(Action item): From the records below, please return each line that holds the word "audience".

(Short text fragments from websites):
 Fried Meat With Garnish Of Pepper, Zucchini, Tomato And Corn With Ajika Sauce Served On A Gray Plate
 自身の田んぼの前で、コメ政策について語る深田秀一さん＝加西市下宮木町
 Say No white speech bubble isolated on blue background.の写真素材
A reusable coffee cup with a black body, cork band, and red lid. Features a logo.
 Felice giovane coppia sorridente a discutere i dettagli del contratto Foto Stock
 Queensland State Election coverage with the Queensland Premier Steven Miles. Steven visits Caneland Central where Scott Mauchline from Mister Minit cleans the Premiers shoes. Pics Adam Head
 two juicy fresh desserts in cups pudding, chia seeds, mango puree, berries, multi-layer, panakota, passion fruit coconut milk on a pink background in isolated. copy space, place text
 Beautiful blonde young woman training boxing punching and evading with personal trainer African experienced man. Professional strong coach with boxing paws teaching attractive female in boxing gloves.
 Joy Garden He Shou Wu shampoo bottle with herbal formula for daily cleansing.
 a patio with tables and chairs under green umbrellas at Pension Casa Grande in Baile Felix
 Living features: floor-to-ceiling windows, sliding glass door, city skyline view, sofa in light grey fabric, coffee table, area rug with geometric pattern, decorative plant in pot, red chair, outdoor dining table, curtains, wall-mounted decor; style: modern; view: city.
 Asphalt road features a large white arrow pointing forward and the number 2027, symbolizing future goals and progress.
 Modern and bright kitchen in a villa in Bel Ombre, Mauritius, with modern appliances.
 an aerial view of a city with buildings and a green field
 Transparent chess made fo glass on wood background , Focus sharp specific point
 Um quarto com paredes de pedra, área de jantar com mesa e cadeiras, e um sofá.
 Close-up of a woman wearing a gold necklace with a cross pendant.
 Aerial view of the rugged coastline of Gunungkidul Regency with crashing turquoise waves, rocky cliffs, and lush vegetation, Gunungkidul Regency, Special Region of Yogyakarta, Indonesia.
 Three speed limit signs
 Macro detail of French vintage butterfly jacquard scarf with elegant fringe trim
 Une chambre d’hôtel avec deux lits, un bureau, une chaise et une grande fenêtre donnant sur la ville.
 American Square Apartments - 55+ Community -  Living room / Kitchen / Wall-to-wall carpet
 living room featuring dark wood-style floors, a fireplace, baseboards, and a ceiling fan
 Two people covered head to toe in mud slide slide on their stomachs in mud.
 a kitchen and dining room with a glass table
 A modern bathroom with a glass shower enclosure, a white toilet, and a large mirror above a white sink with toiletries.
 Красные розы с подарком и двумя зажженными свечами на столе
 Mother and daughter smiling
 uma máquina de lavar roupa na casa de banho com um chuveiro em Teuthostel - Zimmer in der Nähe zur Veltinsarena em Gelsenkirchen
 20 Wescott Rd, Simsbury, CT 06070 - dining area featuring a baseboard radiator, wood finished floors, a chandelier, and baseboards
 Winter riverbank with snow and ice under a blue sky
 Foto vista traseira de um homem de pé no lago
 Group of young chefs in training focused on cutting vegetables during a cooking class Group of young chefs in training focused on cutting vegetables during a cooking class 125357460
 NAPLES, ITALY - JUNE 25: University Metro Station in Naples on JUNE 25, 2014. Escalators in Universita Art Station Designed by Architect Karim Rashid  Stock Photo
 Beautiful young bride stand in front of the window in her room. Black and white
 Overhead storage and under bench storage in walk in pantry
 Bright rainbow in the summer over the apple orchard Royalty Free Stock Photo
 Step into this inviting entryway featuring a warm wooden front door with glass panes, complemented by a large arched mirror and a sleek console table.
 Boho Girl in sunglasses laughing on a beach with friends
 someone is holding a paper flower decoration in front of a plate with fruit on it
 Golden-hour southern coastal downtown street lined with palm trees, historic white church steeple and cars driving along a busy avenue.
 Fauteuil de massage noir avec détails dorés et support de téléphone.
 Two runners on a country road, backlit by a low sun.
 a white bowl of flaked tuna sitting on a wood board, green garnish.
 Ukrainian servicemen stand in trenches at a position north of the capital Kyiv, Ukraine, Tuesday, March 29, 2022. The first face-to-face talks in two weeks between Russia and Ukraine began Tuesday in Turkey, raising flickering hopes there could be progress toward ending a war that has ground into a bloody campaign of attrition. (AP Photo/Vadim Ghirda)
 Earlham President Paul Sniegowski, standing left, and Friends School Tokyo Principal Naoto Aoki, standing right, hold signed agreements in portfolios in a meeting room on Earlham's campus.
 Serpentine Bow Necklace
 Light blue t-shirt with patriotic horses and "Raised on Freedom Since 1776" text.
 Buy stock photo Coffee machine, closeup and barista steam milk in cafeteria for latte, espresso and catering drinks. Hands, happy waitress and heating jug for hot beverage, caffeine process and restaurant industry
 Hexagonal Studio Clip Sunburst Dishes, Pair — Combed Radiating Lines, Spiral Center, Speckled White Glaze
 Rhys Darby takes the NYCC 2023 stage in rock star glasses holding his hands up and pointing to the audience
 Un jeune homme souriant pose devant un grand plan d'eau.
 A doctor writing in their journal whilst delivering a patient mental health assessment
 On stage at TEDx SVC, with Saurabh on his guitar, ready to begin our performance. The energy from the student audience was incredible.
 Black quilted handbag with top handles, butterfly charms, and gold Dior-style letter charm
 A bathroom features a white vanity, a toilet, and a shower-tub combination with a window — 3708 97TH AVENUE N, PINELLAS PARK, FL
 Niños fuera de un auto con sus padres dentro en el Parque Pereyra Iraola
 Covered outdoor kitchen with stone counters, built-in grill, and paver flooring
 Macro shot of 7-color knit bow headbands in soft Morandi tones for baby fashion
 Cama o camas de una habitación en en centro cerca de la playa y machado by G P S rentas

(Output of the exercise):
 Rhys Darby takes the NYCC 2023 stage in rock star glasses holding his hands up and pointing to the audience
 On stage at TEDx SVC, with Saurabh on his guitar, ready to begin our performance. The energy from the student audience was incredible.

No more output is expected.